Raman: I think this was kind of a theme that I also heard this week in the — we had the Senate Finance hearing for some of the HHS [Department of Health and Human Services] nominees, and Jim O’Neill, who’s one of the nominees, that was something that was brought up by Finance ranking member Ron Wyden, that some of his past remarks when he was originally considered to be on the short list for FDA commissioner last Trump administration is that he basically said as long as it’s safe, it should go ahead regardless of efficacy. So those comments were kind of brought back again, and he’s in another hearing now, so that might come up as an issue in HELP [the Senate Committee on Health, Education, Labor and Pensions] today. 

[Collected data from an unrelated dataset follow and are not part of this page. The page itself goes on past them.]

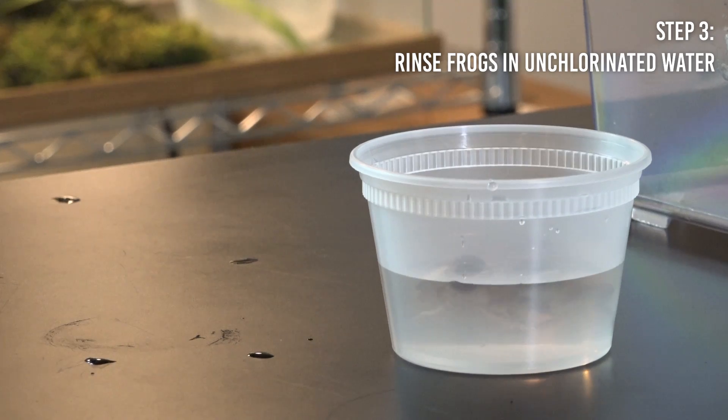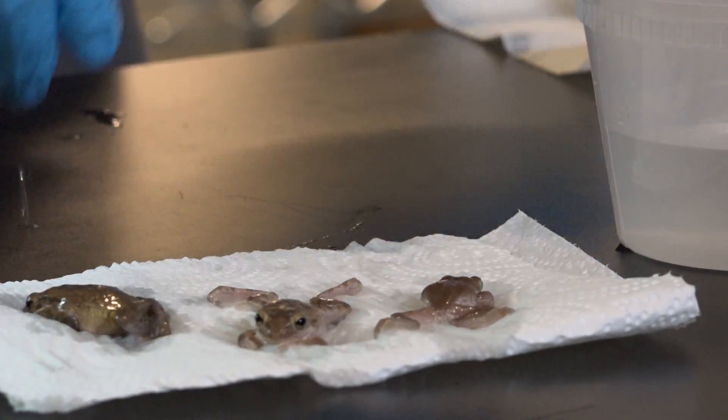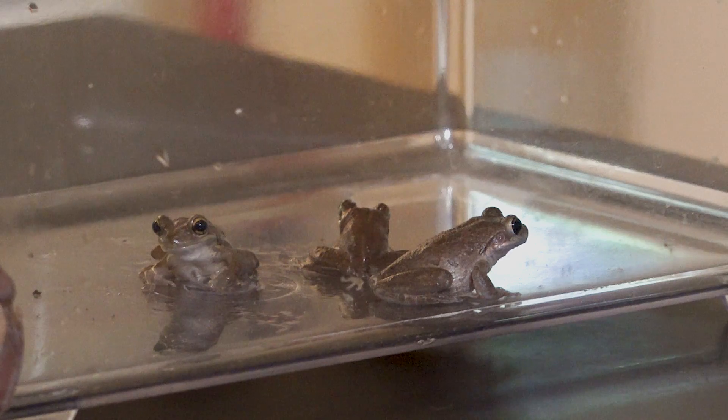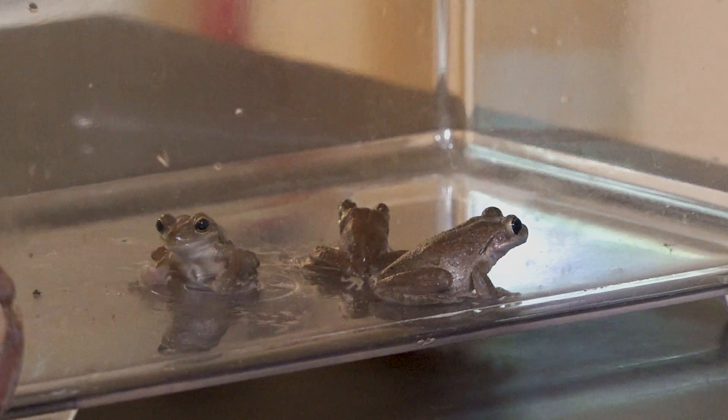The gene that we are going to inject today is called folistatin. What folistatin does is it down-regulates a gene called myostatin, which inhibits muscle growth. If we were making muscles all the time, we would burn so many calories and our bodies would have a hard time existing. But when you give a gene therapy that makes myostatin not work so well, you grow muscle.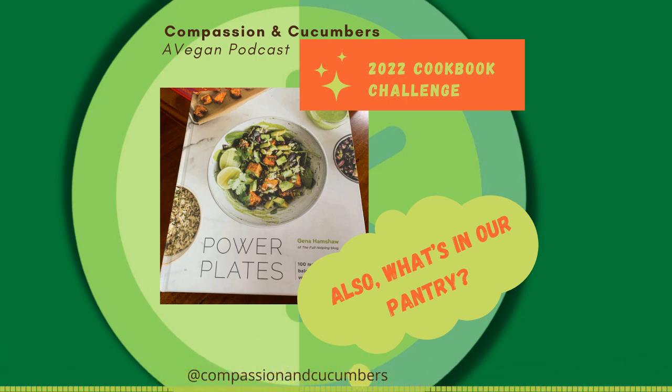Nuts and seeds are good to add into salads where you need a textural element. They're a really great source of healthy fats and give a little added protein boost. They're just fantastic — we love them. We're nuts for nuts. We're just nuts in general.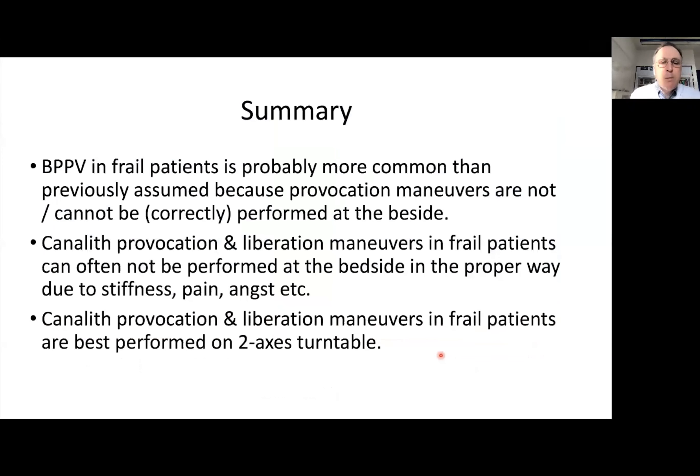In summary: BPPV in frail patients is probably more common than previously assumed because the maneuvers cannot be performed correctly at the bedside. The two-axis manual turntable offers a low-cost solution for proper diagnosis and treatment. Thank you for your attention and have a good meeting.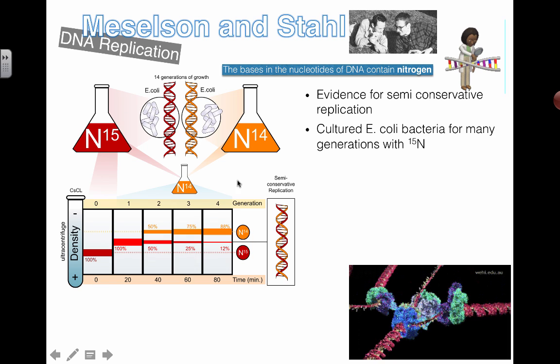Then they start the timer and transfer the bacteria over to N14 solution. Because the bacteria are continually making new DNA and replicating, they'll keep using nitrogen — but now at time zero, after the transfer, the only source of new nitrogen available is the lighter kind.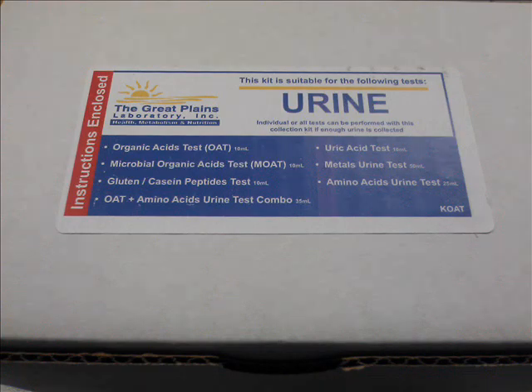First, let's review the contents of the test kit. All materials that you will need will be contained in this small box. The label shows which tests can be performed with this kit. As you can see, we can perform the organic acid test, microbial organic acid test, gluten casein peptide test, uric acid test, metals urine test, and amino acid test with a sample from this kit.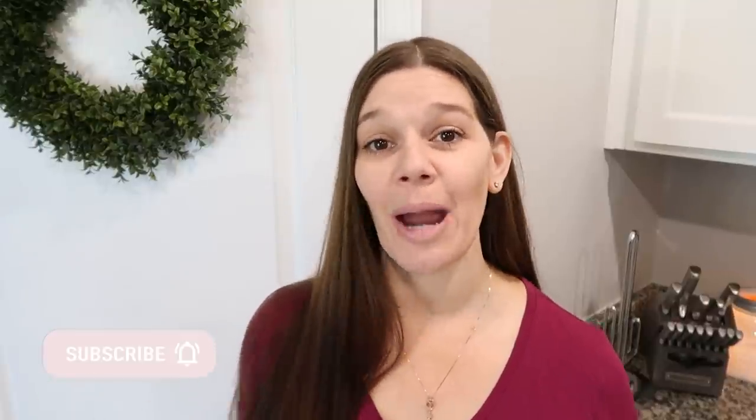Hey guys, welcome back to my channel! You all asked for more viral TikTok hacks and that's exactly what I've got for you today — I think like 27 of them to be exact, so it's a little ambitious. They are all over the house: kitchen hacks, life hacks, cleaning hacks, just a bunch of fun. If you guys enjoy this one, please give a thumbs up and subscribe.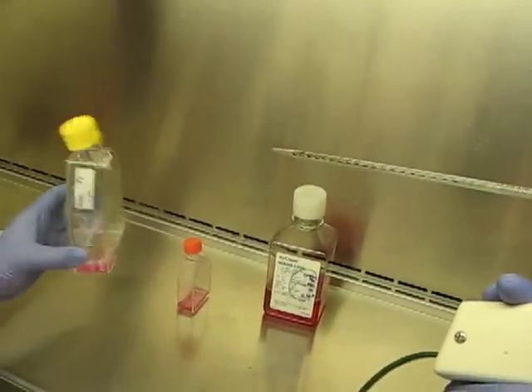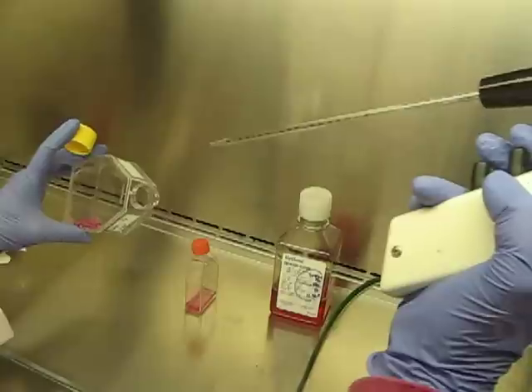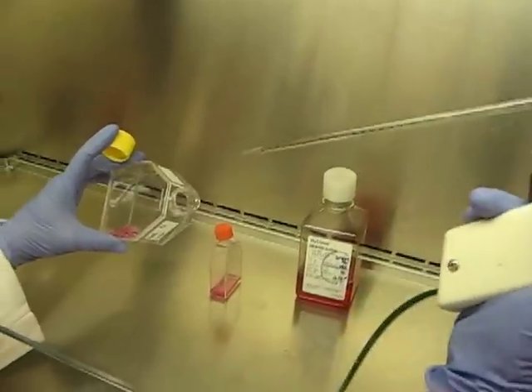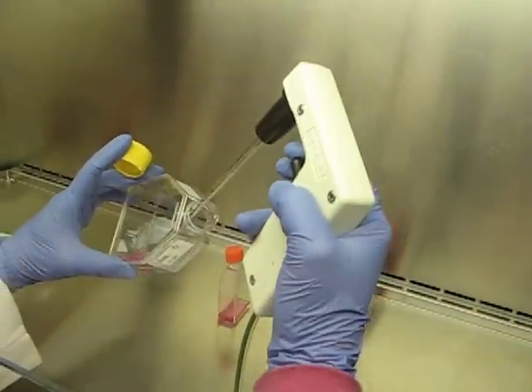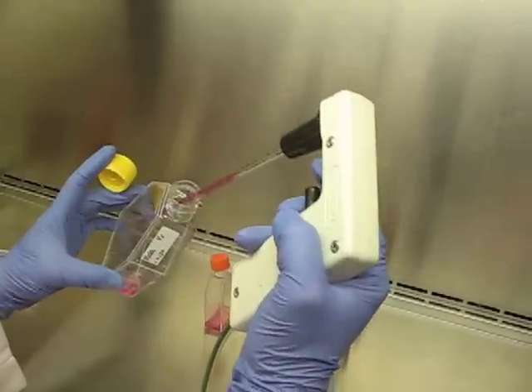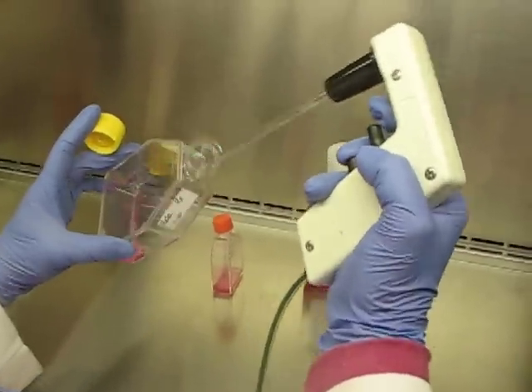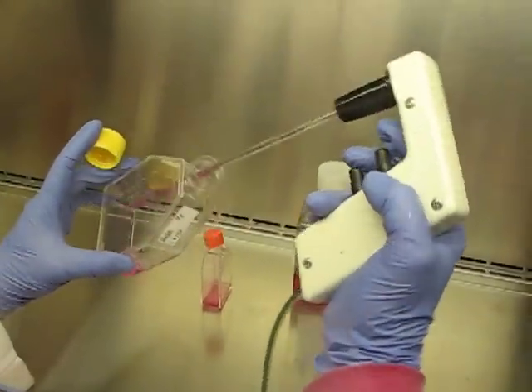These cells have been sitting here for about five minutes, and cells fall out of suspension very quickly. So you don't want to just open this up and take one mil. What you want to do is pipette up and down to make sure you have a homogeneous suspension.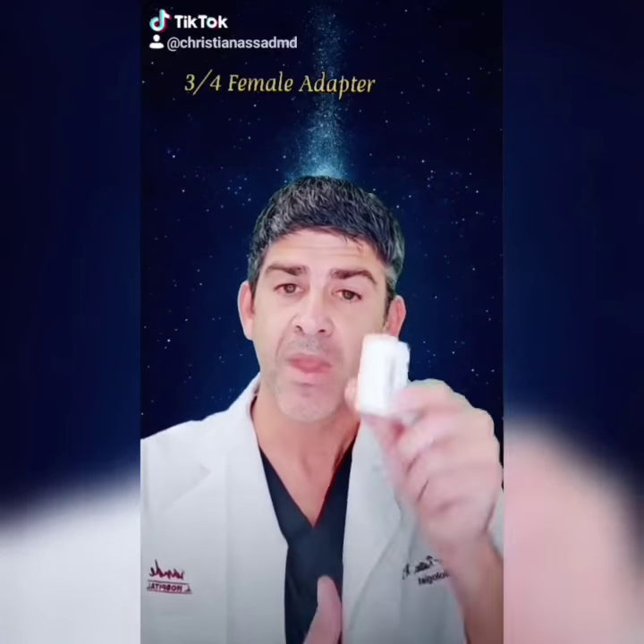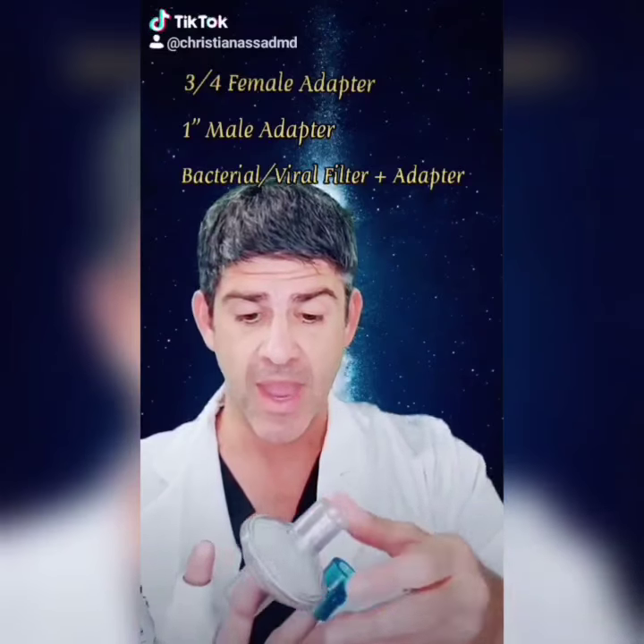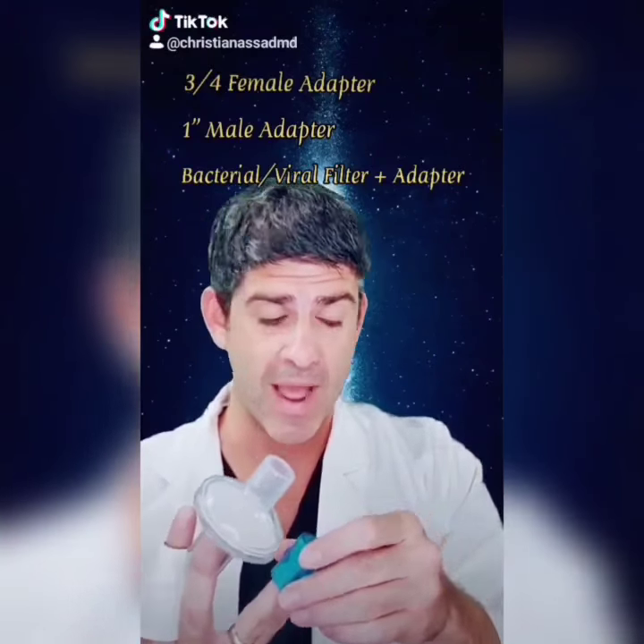By going to Home Depot: a 3/4-inch female adapter, a 1-inch male adapter, your viral bacterial filter, and the adapter for that.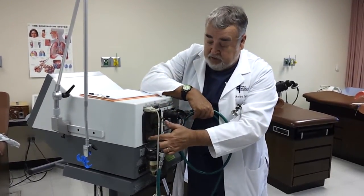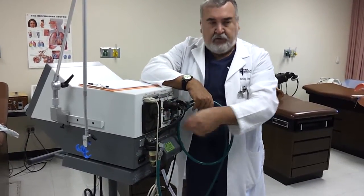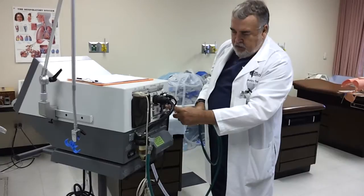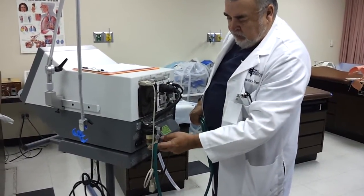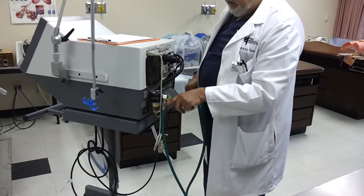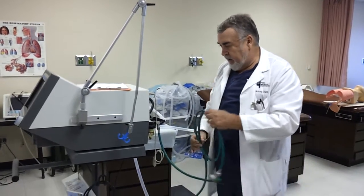Remember to clean this off real good when setting it up between patients. This snaps right off, and you just take the filter, wet it, blot dry it, and put it back on again. Here are your circuit breakers. This is your electrical connection. This little trap here gets any water condensation that comes in from the tubing and collects it so it doesn't go inside the vent and short circuit things. So those are your basic connections.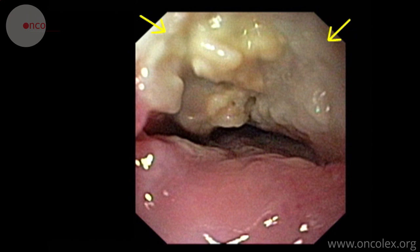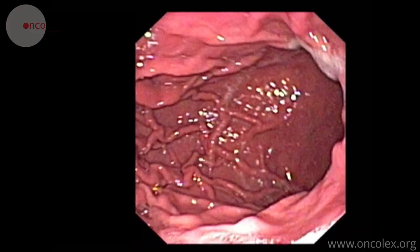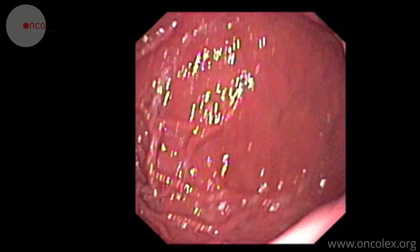Here we see the upper part of the tumor. The scope is moved past the tumor area and down into the stomach, which is inspected for pathological findings.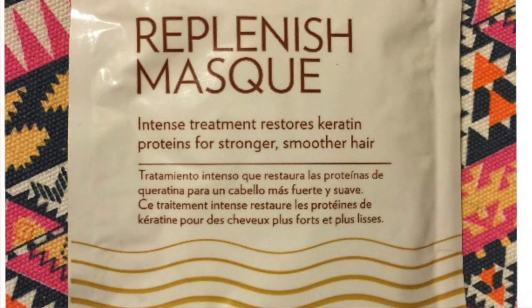This is a High Pro Pack Keratin Maintenance Replenish Mask — an intense treatment with keratin protein for stronger, smoother hair. It's a generous pouch and I will definitely read up on it and use it appropriately on my natural hair. I think this was an either/or product; either you got this one or you got the Bath & Body Works co-wash, and I got the protein pack.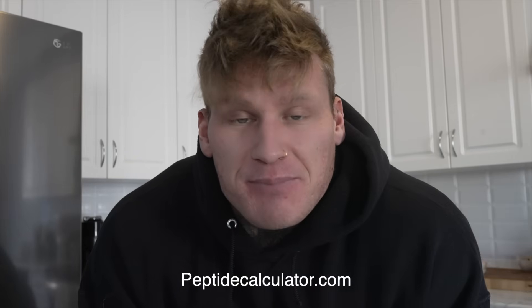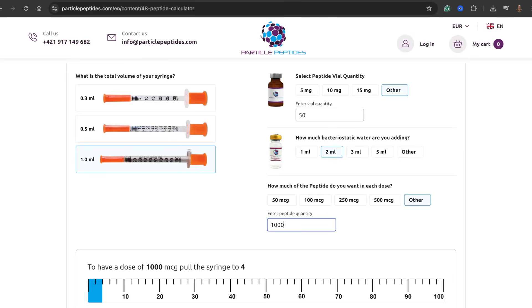I get this question so much: how much bacteriostatic water do you add into a 10 milligram, 20, or 50 milligram peptide? We lift weights, we are not mathematicians. There is a website that is completely free — you enter the milligram amount of peptide you want, the style of insulin needles you have, and the amount of water you put in, and it will tell you exactly where on that insulin needle your dosage falls. You can play around with this to ensure you are taking the correct dosage.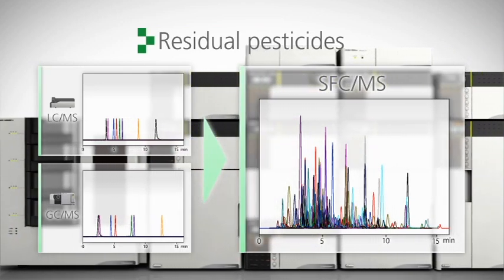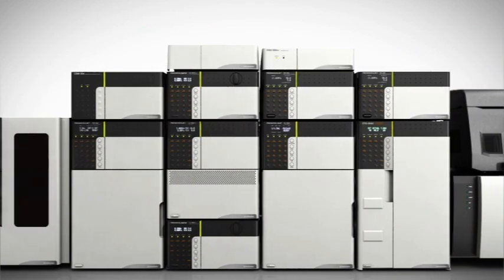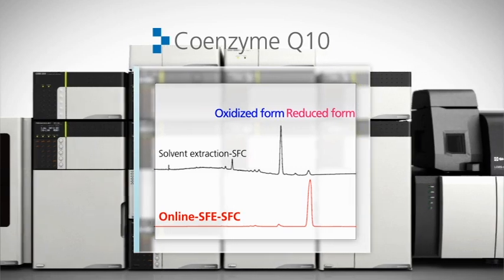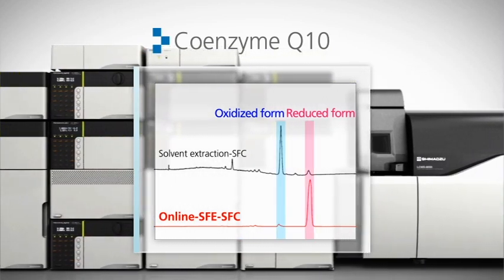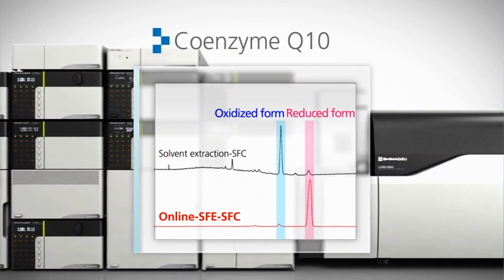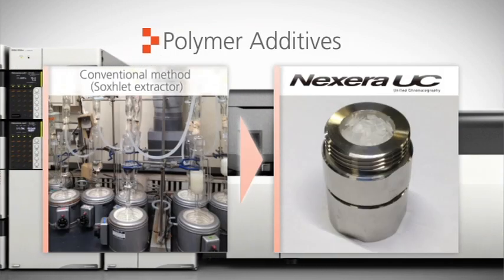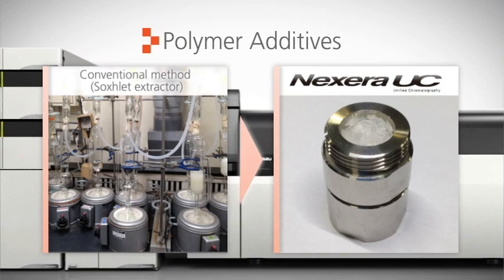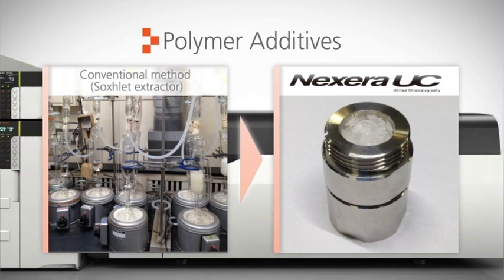Volatile and non-volatile pesticides are simultaneously analyzed, a process that previously required separate LC/MS and GC/MS analysis. Supercritical extraction of labile compounds like the reduced form of coenzyme Q10 prevents oxidation that occurs with common sample preparation techniques. Conventional methods using Soxhlet extraction for analyses of polymer additives can now be done by simply loading comminuted samples into the extraction vessel.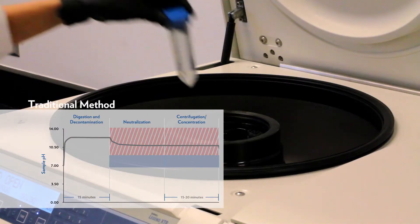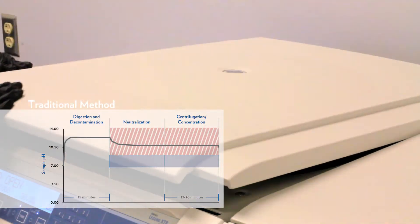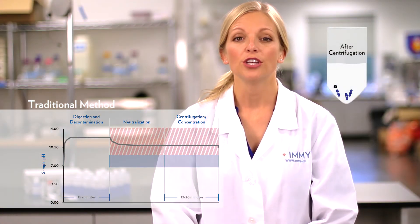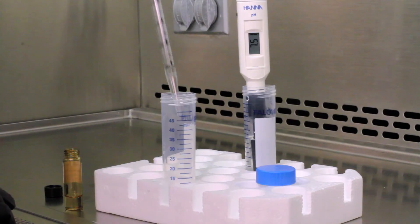The next step is a 20-minute centrifugation. If the sample is not properly neutralized, it will be in an environment toxic to mycobacteria for an extended period of time — potentially killing off the exact thing you are trying to recover.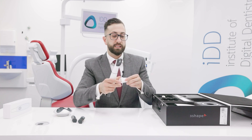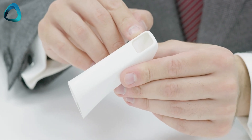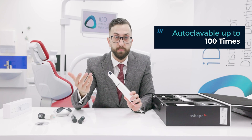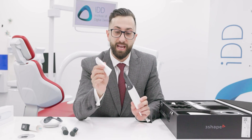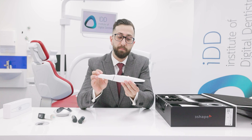Here are the scanning tips for the Trios 5. Just like every other 3Shape scanner, they slide on. The company has opted for a completely closed design — a big push to be more hygienic, with no openings or vent holes where bacteria can live. These scanner tips can be autoclaved up to 100 times. Unlike the Trios 4 smart tips, these are just standard scanning tips. They feature sapphire scratch-resistant glass and can only be placed in one direction — not reversible — clicking on and off.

Rovner: And he’s the nominee for deputy secretary, right? Have to make sure I keep all these things straight. Maya, you wanting to add something? 

Goldman: Yeah, I was just going to say, I think there is a divide between these two philosophies on pharmaceuticals, and my sense is that the selection of Prasad is kind of showing that the anti-accelerated-approval side is winning out. But I think Anna is correct that we still don’t know where it’s going to land. 

Rovner: Yes, and I will point out that accelerated approval first started during AIDS when there was no treatments and basically people were storming the — literally physically storming — the FDA, demanding access to AIDS drugs, which they did finally get. But that’s where accelerated approval came from. This is not a new fight, and it will continue. 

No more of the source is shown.